▶ _ASSIGNMENT_
Copy out every line of the data exactly; do not include the images.

▶ _COLLECTED MATERIAL_

"""

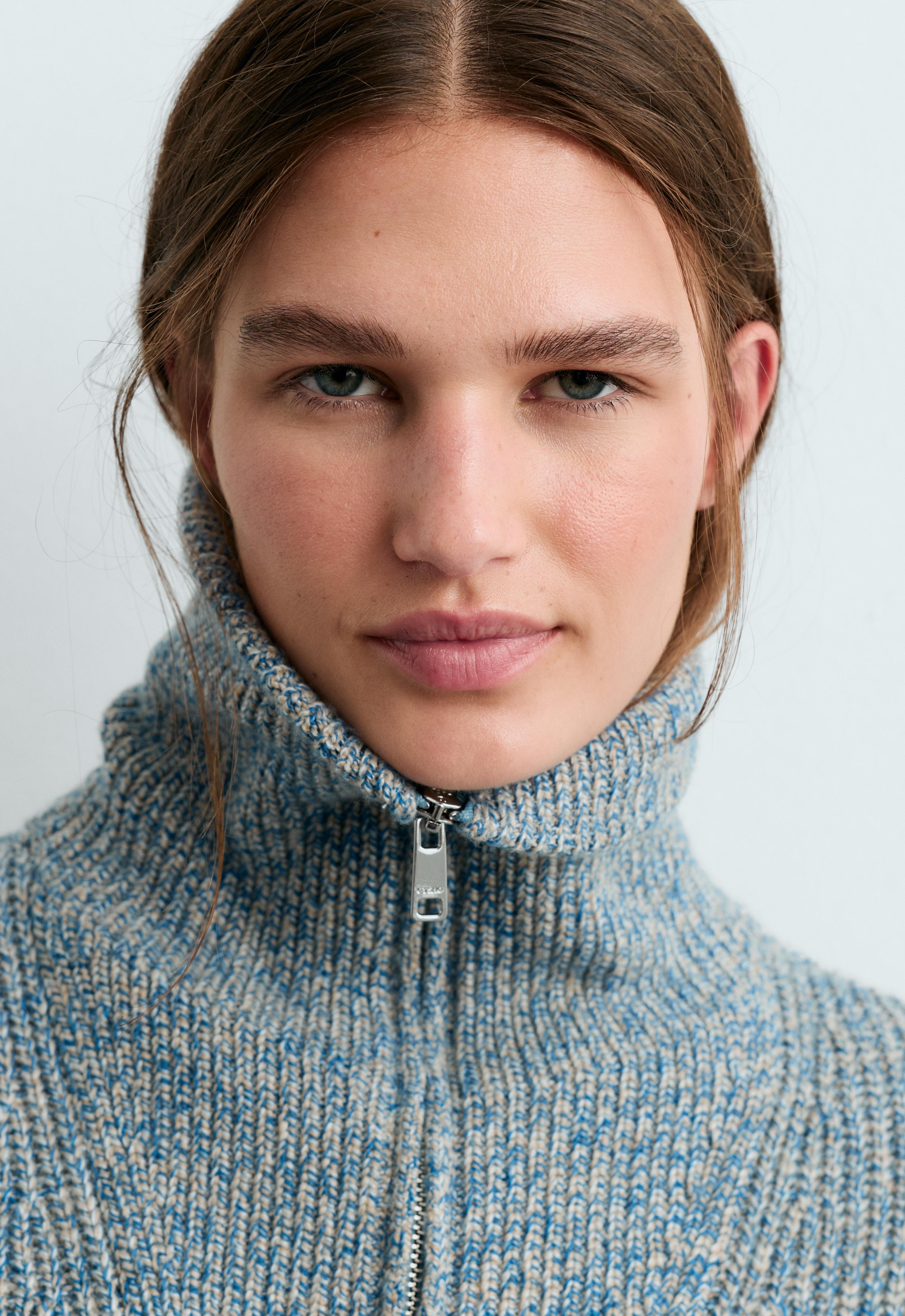 Pull maille chinée à demi-zip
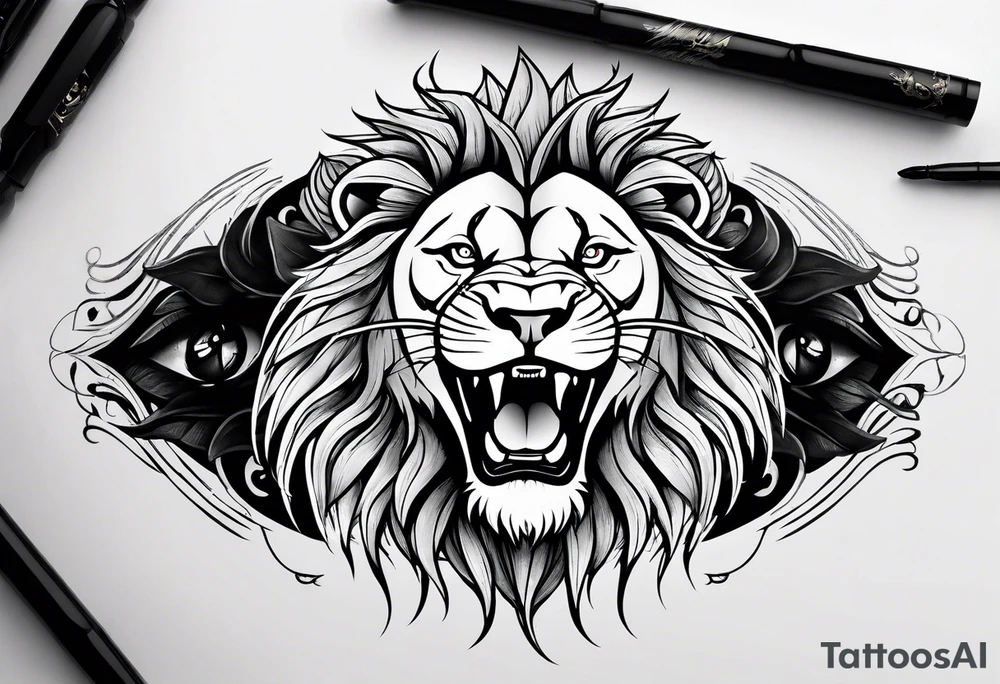 a lion, eyes tattoo idea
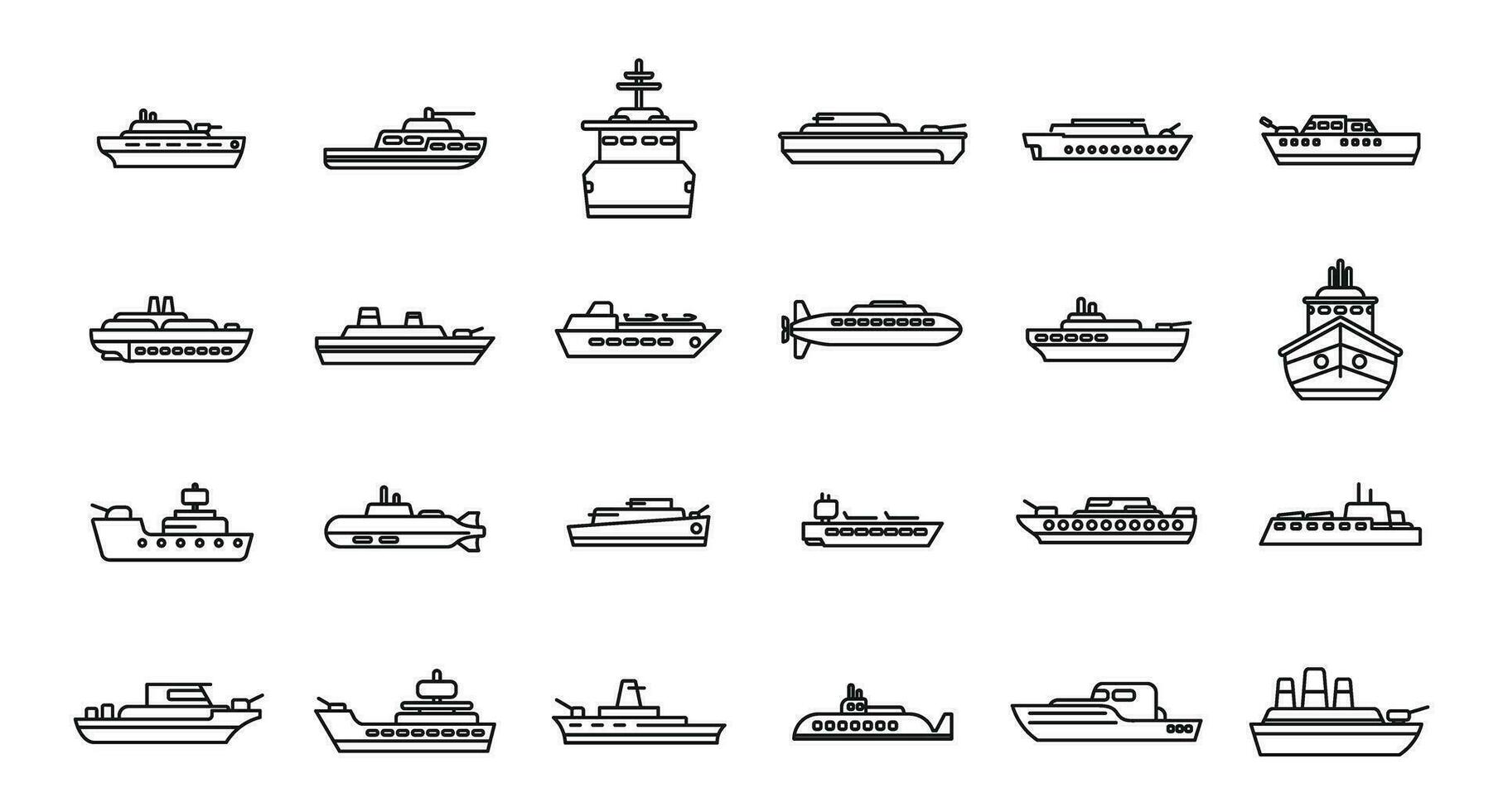 Warship icons set outline vector. Aircraft carrier vector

"""

▶ _ANSWER_
 Pull maille chinée à demi-zip
 a lion, eyes tattoo idea
 Warship icons set outline vector. Aircraft carrier vector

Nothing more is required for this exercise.